Can Universal Basic Income Eradicate Poverty?
When looking for essay competition prompts, I was immediately intrigued by The Cambridge Tutor Economics essay. Universal Basic Income had been a concept I was already aware of, and interested in exploring further. From feasibility to morality and fairness, it was endlessly fascinating to visualise and comprehend–such potentially fundamental effects on society it would have.
Due to being written for competition, I had to adhere to a word count. However, there is an avenue that I wanted to explore further: the role of AI, and the potential necessity of UBI due to the growing capability of AI in its utility for firms. This additional section is placed at the end of the essay. It formally should not be considered as part of it, however I find the section very interesting and rather fun to conceptualise nonetheless.
This essay further sharpened my critical reasoning skills–in a purely economic context. Furthermore, this was the first time I was required to reference work, an invaluable lesson. I'm also grateful for the opportunity to consider how economic policy may affect the future, contrasting the retrospective work that I have undertaken otherwise on my super-curricular journey.

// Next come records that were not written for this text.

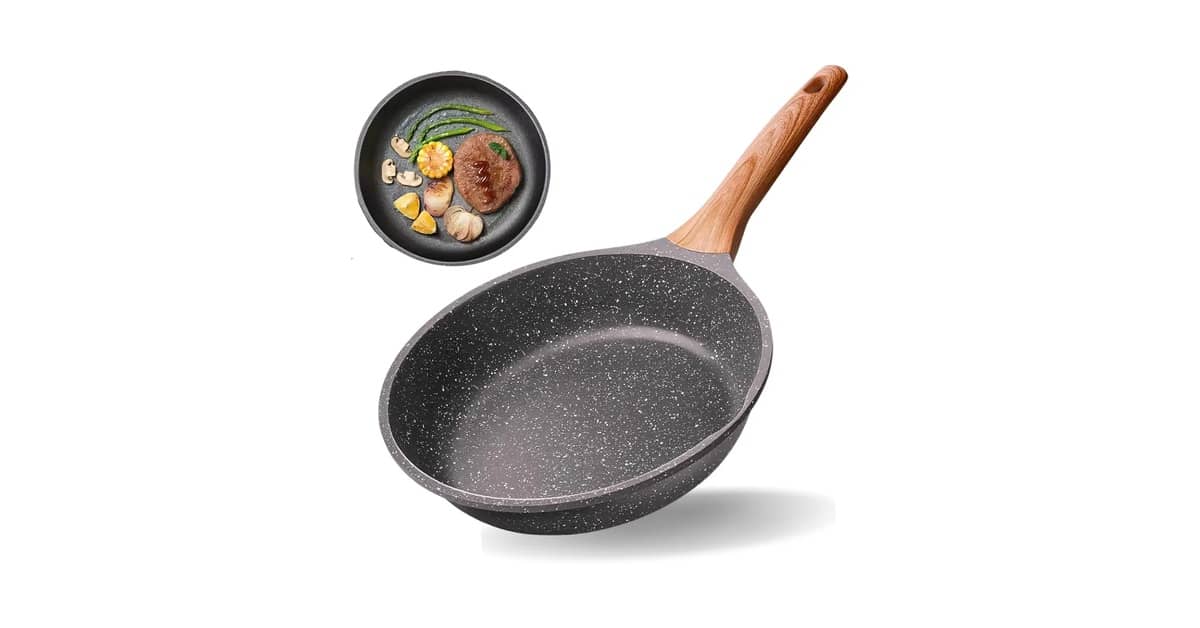 Melhor Frigideira Antiaderente que não Gruda: Guia Completo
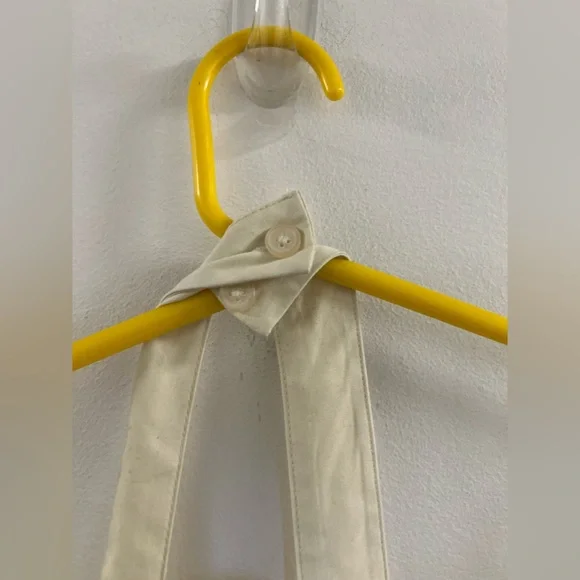 12. A New Day - Women's Midi Halter Dress - A New Day Cream - Picture 11 of 16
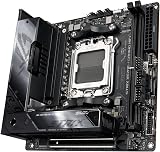 ASUS ROG Strix X670E-I Gaming WiFi AM5 ITX Motherboard 10+2 Power Stages view 7
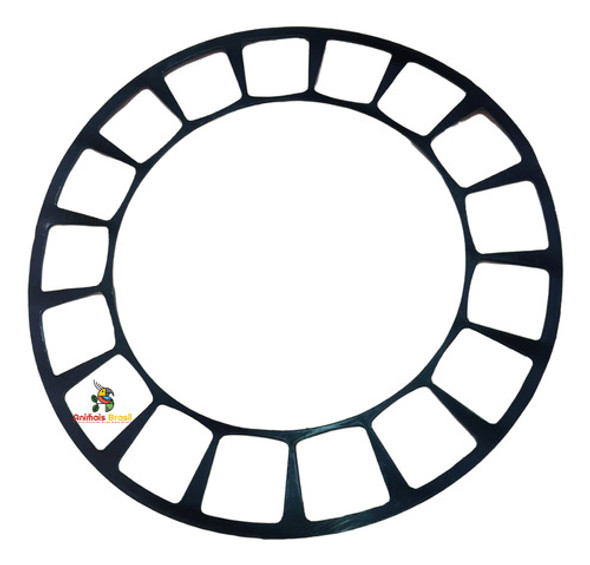 10 Arco Anti Desperdicio P/ Tratador Automático 15/20 Kg Ave 0 10 Arco Anti Desperdicio P/ Tratador Automático 15/20 Kg Ave 0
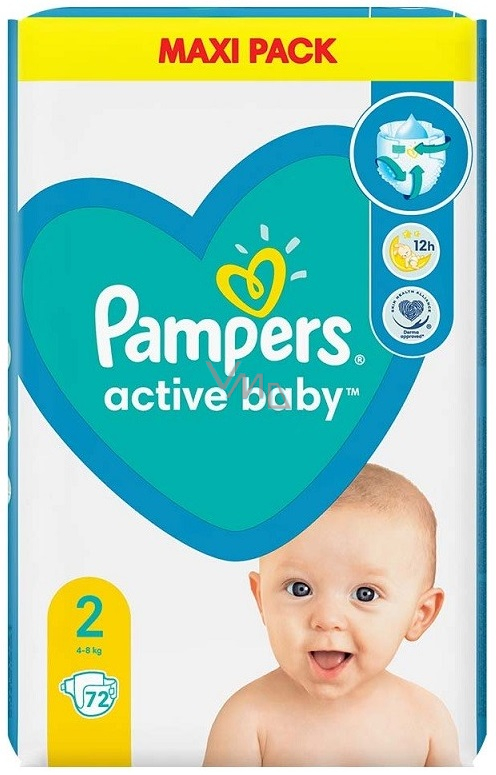 pampers newborn 2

Can Universal Basic Income Eradicate Poverty?
Introduction
Despite the UK spending over £130 billion annually on welfare, poverty remains a stubborn reality. Is Universal Basic Income the answer we’ve been waiting for, a simple solution to a complex problem? UBI offers a bold new approach: unconditional cash payments to all citizens regardless of employment status. Yet beneath this proposal lies a web of serious economic and social challenges that threaten its potential. This essay argues that while UBI could significantly reduce absolute poverty, it cannot completely eradicate poverty due to fiscal constraints, potential adverse economic effects, and the relative nature of poverty itself. First, by exploring definitional challenges of poverty, then examining UBI's economic feasibility, labour market implications, and broader social dimensions to reveal why targeted intervention may prove a more effective method of poverty eradication.
The Definitional Dilemma
UBI's potential depends crucially on how we define poverty. Absolute poverty is defined as an individual’s inability to afford the basic necessities of life, whereas relative poverty refers to the income disparities between individuals within society (Townsend, 1979).
Theoretically, UBI could eliminate absolute poverty if set sufficiently high. The World Bank's $2.15 daily poverty threshold suggests that even modest payments could lift millions above subsistence levels worldwide. Finland's 2017–18 experiment, providing unemployed citizens €560 monthly, demonstrated UBI's potential to improve material conditions (Kangas et al., 2019). However, this highlights poverty’s definitional nuance: relative poverty will persist regardless of UBI generosity, because providing equal UBI to all doesn’t eliminate existing income inequalities. Likewise in reality, countries with high levels of absolute poverty likely have limited fiscal capacity. Although $2.15 per day sounds like little, in practice may be unfeasible in the poorer areas of the world.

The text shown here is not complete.